Stored data
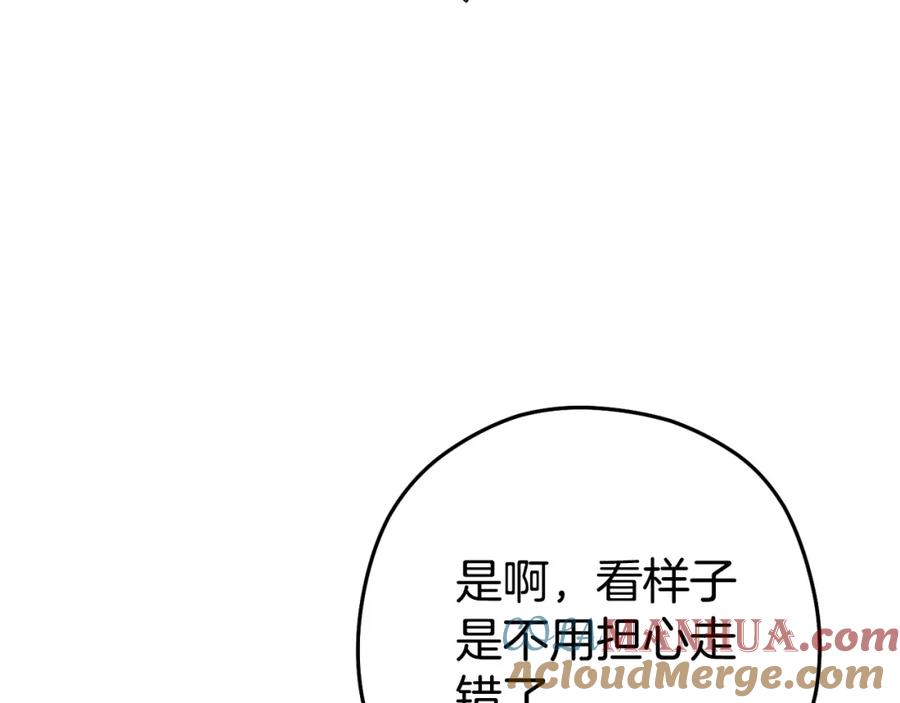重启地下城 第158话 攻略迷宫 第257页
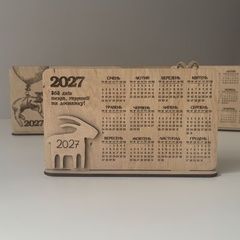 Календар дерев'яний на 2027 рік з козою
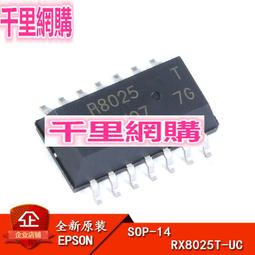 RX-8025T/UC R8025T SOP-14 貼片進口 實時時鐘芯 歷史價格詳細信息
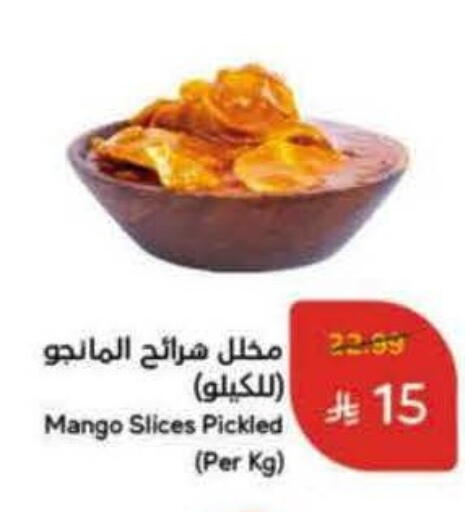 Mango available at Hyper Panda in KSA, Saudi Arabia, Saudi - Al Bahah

Task brief
A faithful, word-for-word copy of the data is needed; the pictures should not appear in it.

Expected answer
重启地下城 第158话 攻略迷宫 第257页
 Календар дерев'яний на 2027 рік з козою
 RX-8025T/UC R8025T SOP-14 貼片進口 實時時鐘芯 歷史價格詳細信息
 Mango available at Hyper Panda in KSA, Saudi Arabia, Saudi - Al Bahah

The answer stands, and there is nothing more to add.